[Collection entries]
+ + + + + + +
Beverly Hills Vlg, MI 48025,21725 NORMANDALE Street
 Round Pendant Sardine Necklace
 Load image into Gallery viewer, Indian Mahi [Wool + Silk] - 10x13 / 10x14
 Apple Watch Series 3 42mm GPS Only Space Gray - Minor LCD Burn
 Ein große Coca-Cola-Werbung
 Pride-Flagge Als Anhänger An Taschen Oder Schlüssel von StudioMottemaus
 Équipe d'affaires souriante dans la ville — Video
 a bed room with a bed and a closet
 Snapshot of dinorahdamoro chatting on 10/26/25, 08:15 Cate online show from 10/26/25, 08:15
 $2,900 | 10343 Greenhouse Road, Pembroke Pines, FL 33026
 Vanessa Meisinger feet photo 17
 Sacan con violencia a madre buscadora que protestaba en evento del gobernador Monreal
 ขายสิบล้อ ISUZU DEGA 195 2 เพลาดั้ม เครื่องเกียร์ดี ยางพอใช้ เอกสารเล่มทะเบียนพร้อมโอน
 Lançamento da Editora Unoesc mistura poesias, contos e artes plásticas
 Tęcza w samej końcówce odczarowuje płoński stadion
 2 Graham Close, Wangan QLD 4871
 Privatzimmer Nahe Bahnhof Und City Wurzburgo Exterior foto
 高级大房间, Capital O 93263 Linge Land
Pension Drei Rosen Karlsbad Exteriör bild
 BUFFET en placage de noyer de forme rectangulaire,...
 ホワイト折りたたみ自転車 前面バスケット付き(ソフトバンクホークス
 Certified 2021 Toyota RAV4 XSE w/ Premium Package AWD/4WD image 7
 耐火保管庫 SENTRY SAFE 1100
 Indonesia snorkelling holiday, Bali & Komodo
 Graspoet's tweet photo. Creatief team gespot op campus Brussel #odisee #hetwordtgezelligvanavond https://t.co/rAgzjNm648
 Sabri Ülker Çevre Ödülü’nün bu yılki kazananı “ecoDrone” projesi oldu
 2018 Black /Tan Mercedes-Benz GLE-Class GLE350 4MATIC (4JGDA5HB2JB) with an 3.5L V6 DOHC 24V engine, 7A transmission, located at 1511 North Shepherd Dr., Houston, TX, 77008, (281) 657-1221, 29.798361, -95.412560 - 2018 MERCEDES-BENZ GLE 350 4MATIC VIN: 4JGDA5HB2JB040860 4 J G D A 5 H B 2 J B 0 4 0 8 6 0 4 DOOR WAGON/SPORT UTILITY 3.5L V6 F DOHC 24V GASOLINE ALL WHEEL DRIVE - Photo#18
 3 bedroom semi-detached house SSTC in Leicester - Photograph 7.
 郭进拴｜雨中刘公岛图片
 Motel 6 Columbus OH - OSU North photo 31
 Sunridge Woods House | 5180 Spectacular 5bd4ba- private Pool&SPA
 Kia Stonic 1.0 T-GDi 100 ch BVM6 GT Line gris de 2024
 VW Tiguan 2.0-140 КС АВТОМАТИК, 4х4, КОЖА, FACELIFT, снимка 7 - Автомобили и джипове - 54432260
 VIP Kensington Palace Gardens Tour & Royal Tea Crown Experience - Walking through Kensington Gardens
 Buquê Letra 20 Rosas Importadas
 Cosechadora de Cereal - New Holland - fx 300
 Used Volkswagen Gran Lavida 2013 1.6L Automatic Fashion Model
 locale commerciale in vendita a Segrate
+ + + + + + +
:: Required action ::
Among the lines of the entries, count those containing the string "with" and give only the number.

:: Answer to the exercise ::
2